> mthadley_

Quarantining Duplicates

I’ve ran into the following problem multiple times now at different workplaces:

I have a database table with some column having rows with duplicate values, when they should have been unique. Think like an external_id, email, or url. Maybe someone forgot to add a unique index originally, or perhaps uniqueness being a requirement for the problem domain was discovered later in the table’s life.

Either way, I have duplicate rows.
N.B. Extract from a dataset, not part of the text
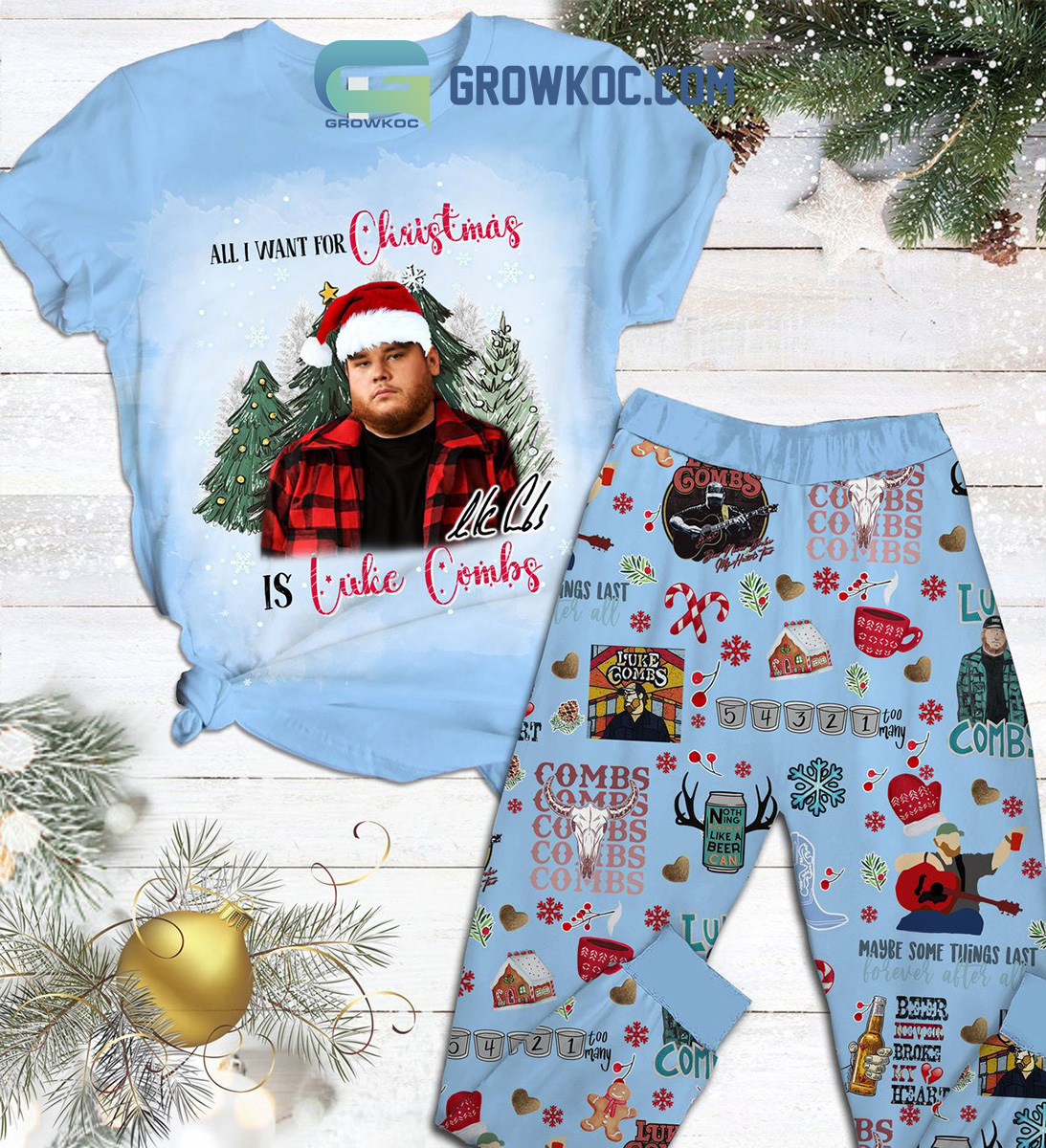 Luke Combs All I Want For Christmas Is Luke Combs Blue Design Maybe Something Last Forever After All Fleece Pajama Sets2B1 VgNVk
Let’s say it’s not obvious how to clean things up, but in the meantime while figure that out, I at least want to “stop the bleeding”. Prevent any new duplicates from being inserted.

Since I’ve been working with Postgres for a while now, I’ve been meaning to try the following plan the next time I’m in this situation.
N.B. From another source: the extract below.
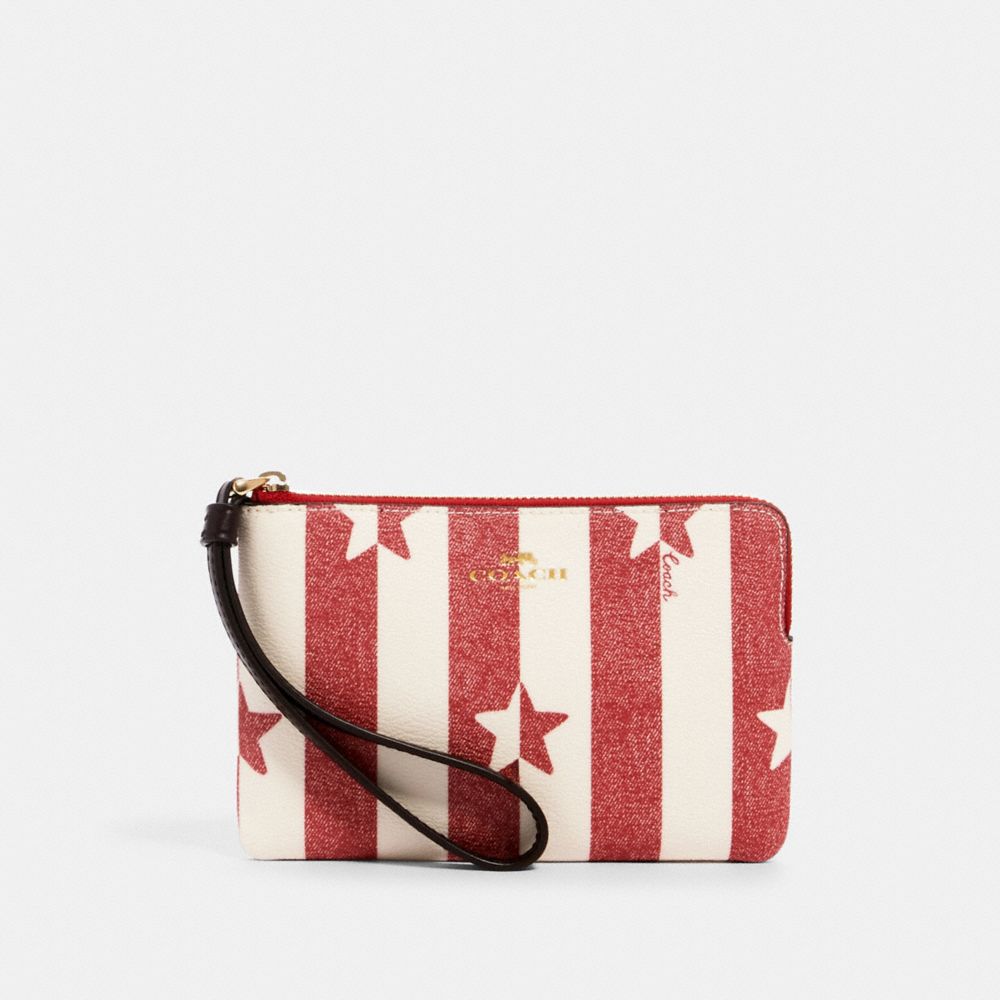 CORNER ZIP WRISTLET WITH STRIPE STAR PRINT - IM/CHALK/ RED MULTI - COACH 3287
Step #1: Add New Flag Column

First, add a new column that will serve to mark these existing duplicates as “known”:

ALTER TABLE some_table
ADD COLUMN known_duplicate BOOLEAN
DEFAULT false;

The DEFAULT is important for later, as we’ll never want new rows to be marked as a duplicate, since their uniqueness will be enforced.

Step #2: Backfill the Flag

At this point every row will have known_duplicate set to FALSE. We need find each set of duplicate rows and set all of their known_duplicate columns to TRUE, except for one of them.
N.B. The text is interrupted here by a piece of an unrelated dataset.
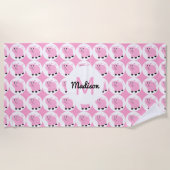 Monogrammen Cute Pink Pig Pattern Girls Animal Strandlaken (Voorkant)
Having known_duplicate set to FALSE for one of the rows allows it to participate in the index added in the next step, preventing a new rows being added to that duplicate set. Deciding which row to pick will be specific to your problem domain, but there will be an obvious “primary” row that your application is already preferring in some way for that duplicate column.

Step #3: Add the Partial Index

Finally, add the UNIQUE index, but instead of having it cover all rows like you wish it originally did, it’ll need to be a partial index over the rows that aren’t a known duplicate:

CREATE UNIQUE INDEX partial_idx_on_some_table
ON some_table (wish_it_was_unique)
WHERE NOT known_duplicate;

Now your set of duplicates can’t grow any larger, allowing you to slow down and figure out your next steps. Like how there were duplicates in the first place (race condition, bad data import, etc.), and how you’ll de-duplicate them.

Or at least that’s the idea. Has anyone tried something like this? Is there a better way? If anyone is reading this, I’d love to know.